Nehori is now one year and ten month old, He was diagnosed as a PA suffer, a few hours after he was born.  Ever since he was born he has been suffering from illnesses such as: lack of appetite, can’t eat appropriately through his mouth and being fed through narrow tube that is connected to his stomach.
Recently he’s spending most of time in intensive care due to an incessant vomiting, without knowing what the cause to it is. . which is very frustrating to us and the doctors has no answer to his problem sence lake of knowlege in this specific disease.

Two mounth ago he was at E.R in ittenssive care and almost lost his life cause an unstopable vomiting that caused him obfuscation his contionce , only after helfh a litter blood, he came to his senses.

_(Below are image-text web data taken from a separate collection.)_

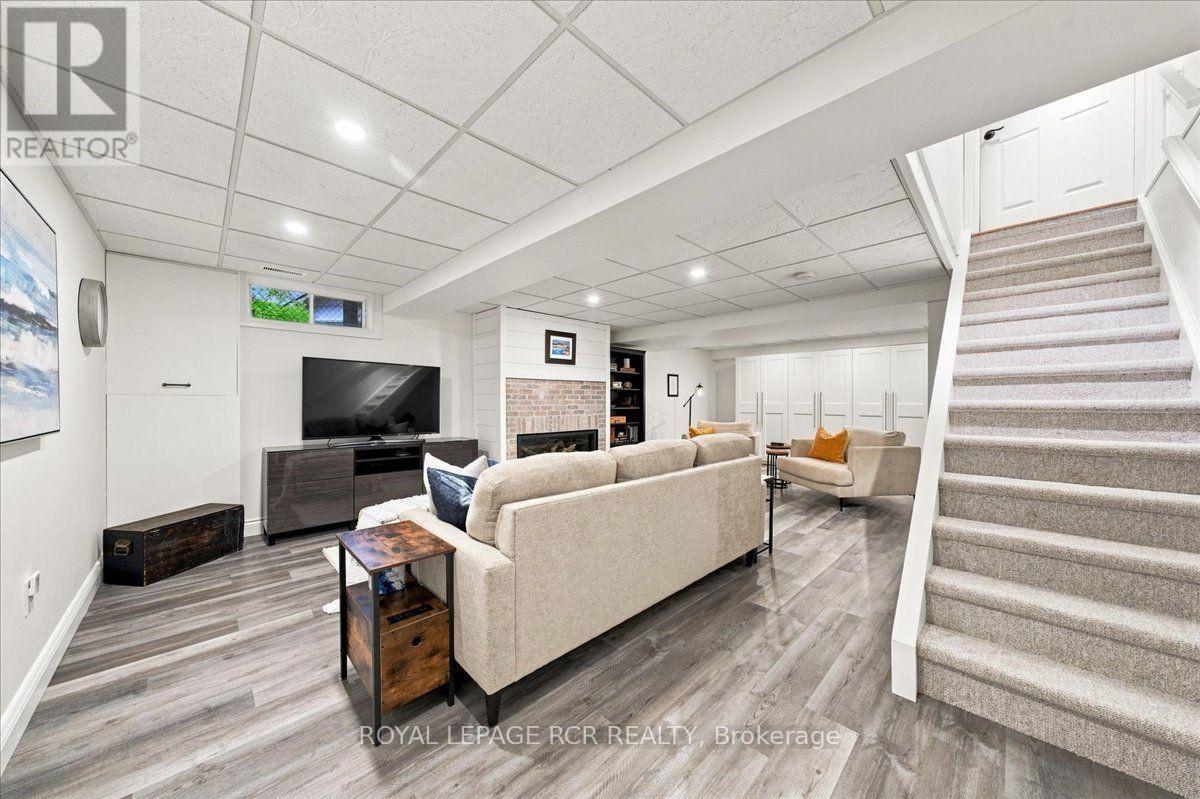 215 Oakwood Crescent, Orangeville, Ontario  L9W 4N1 - Photo 32 - W13779430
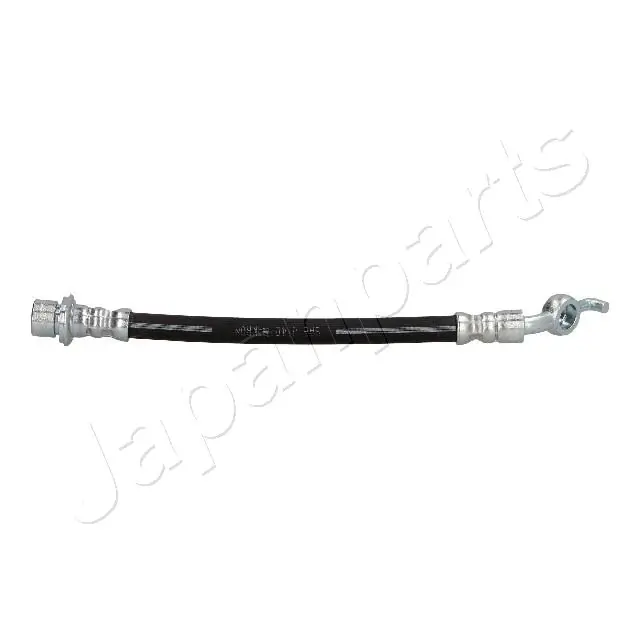 Support, flexible de frein JAPANPARTS TF-2074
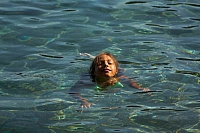 2010-07-09 18-43-39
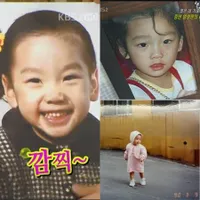 Transformasi Taeyeon SNSD, Semakin Berumur Malah Tambah Imut
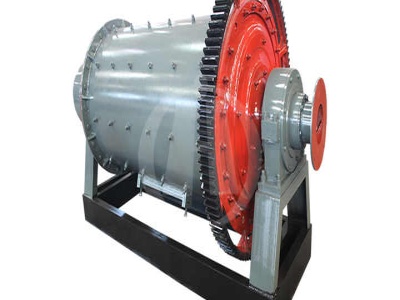 Hammer Mill For Coco Coir 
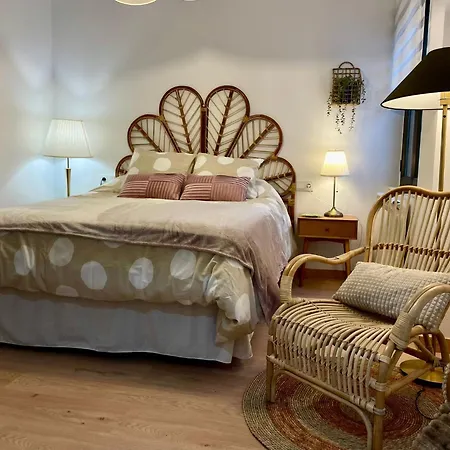 Apartment Vut Condes Garaje Privado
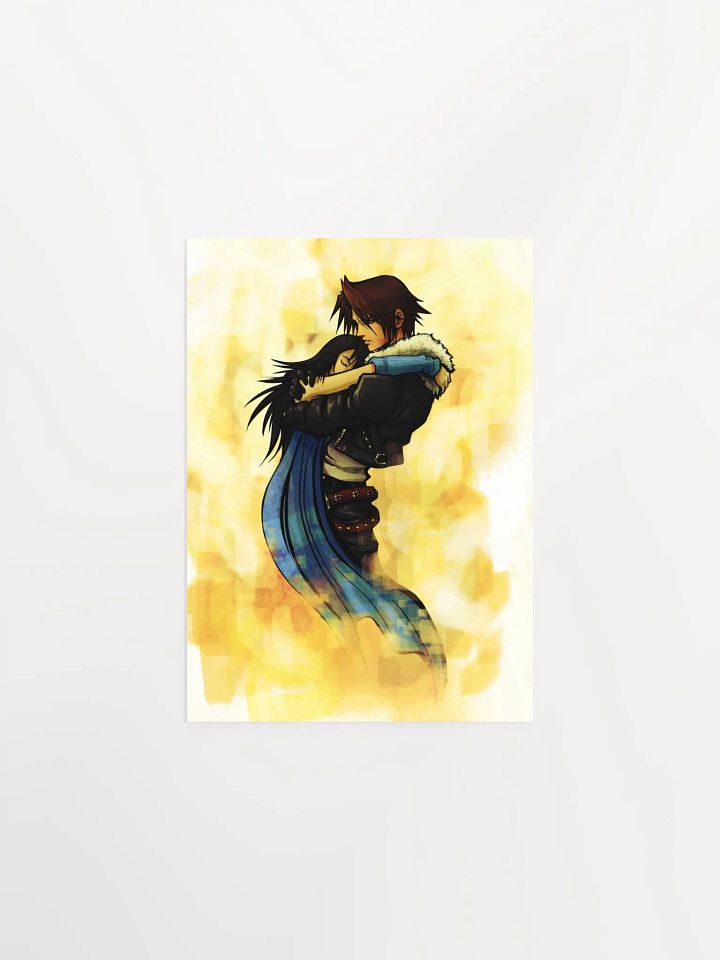 Your knight product image (9)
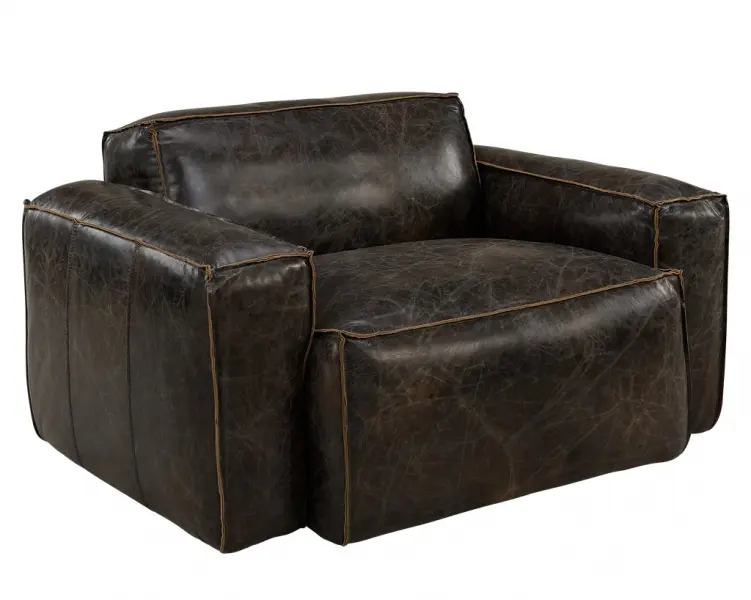 Artwood BUDDY Armchair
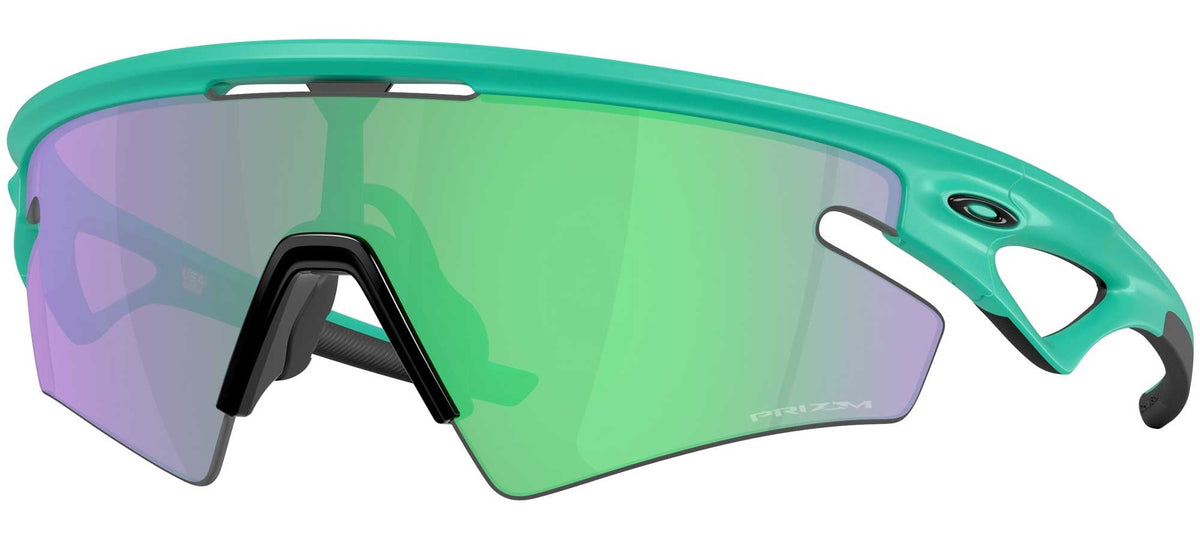 Oakley OO9499 Sphaera Slash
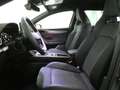 CUPRA Leon SP DSG "Sport" LED App DAB Sennheiser R-Kamera 18" Violett - thumbnail 10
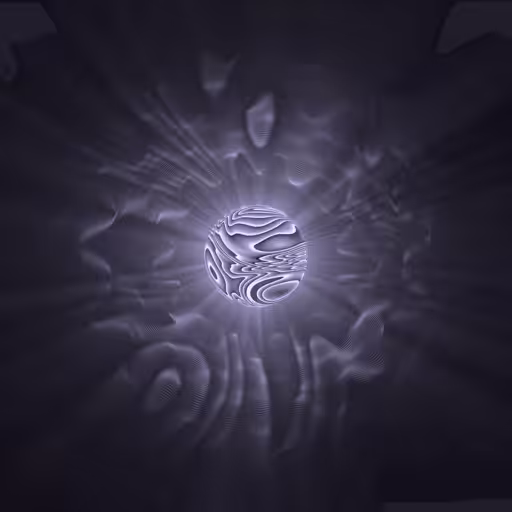 Chromospheres: 69 Pegasi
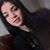 Patty Czeledon's profile image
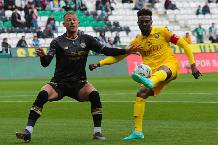 Nhận định, soi k&egrave;o Kayserispor vs Konyaspor, 22h59 ng&agrave;y 18/5: Chủ nh&agrave; ra oai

Today, we are considering a liver transplant on nehori, we are not sure cause we havent heard of any child that went a liver transplant yet.
In now days in his development: He can pronounce a few syllables, he is not able to stand by himself yet. He is a very happy child, which is smiling alot.

Update:  May 2012

Neoray had a liver transplant on November 2011 with the recommendation of propionic acidemia family stories nehoray 5-2012our doctor although the risks of the surgery this has changed his life.  Neoray can now eat proteins without limitation.  He started to walk and talk a little bit and start to have much less visits in the hospital as opposed to before.  Now the ammonia doesn’t cause problems and the quality of his life has improved drastically.